■ RECORDS FOR PROCESSING
---------------

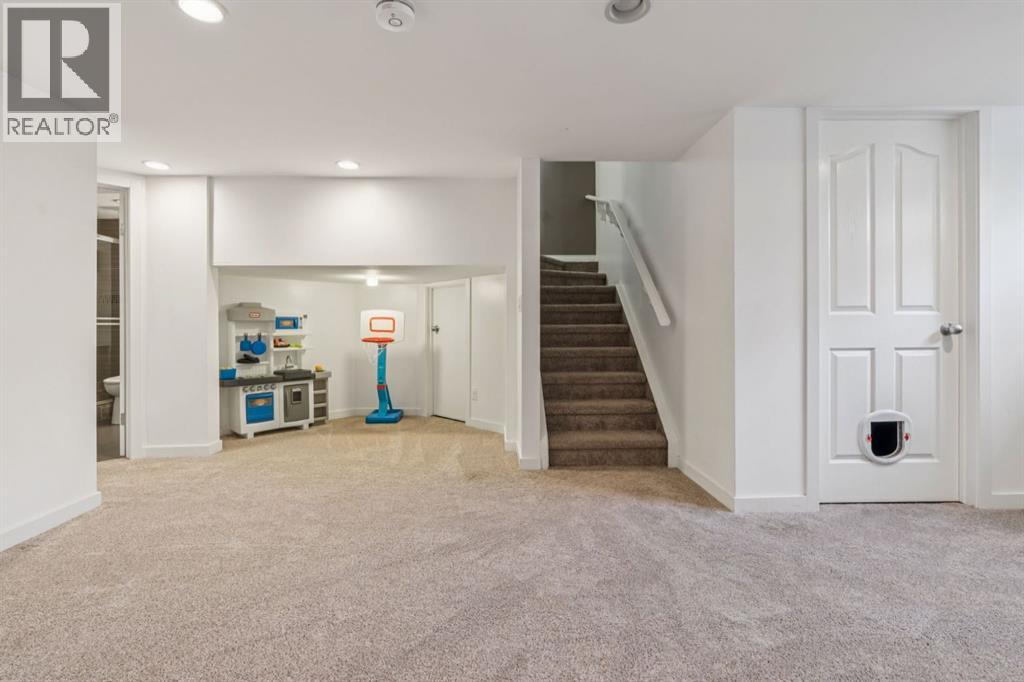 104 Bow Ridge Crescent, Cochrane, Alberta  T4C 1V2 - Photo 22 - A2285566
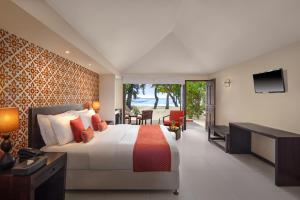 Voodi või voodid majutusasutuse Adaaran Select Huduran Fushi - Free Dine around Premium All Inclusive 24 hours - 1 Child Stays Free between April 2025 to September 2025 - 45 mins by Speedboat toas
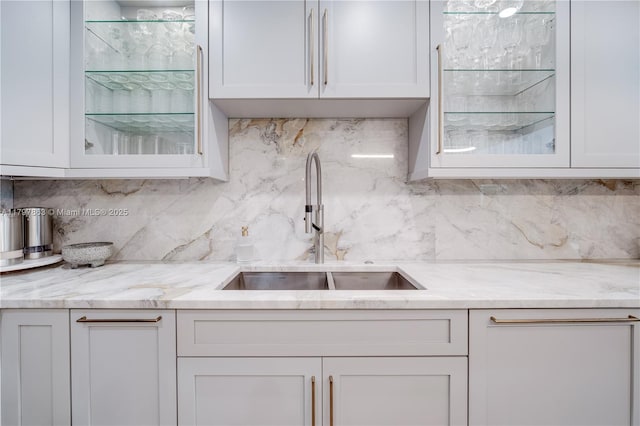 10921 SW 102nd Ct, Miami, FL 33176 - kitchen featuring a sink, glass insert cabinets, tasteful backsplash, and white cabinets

---------------

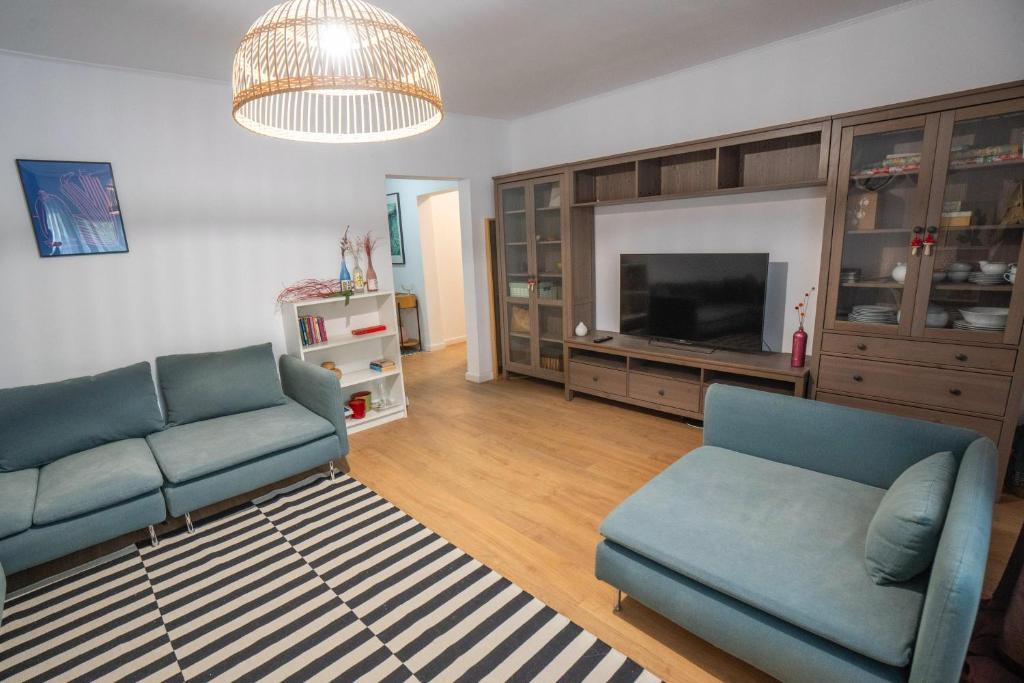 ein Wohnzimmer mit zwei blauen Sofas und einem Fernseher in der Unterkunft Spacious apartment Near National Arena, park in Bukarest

---------------

■ ABOUT THIS TASK
Your answer must be the exact lines from the records above, from the one containing "Voodi või voodid" through the one containing "10921 SW 102nd", both included, with every picture left out.

■ OUTPUT BELOW
 Voodi või voodid majutusasutuse Adaaran Select Huduran Fushi - Free Dine around Premium All Inclusive 24 hours - 1 Child Stays Free between April 2025 to September 2025 - 45 mins by Speedboat toas
 10921 SW 102nd Ct, Miami, FL 33176 - kitchen featuring a sink, glass insert cabinets, tasteful backsplash, and white cabinets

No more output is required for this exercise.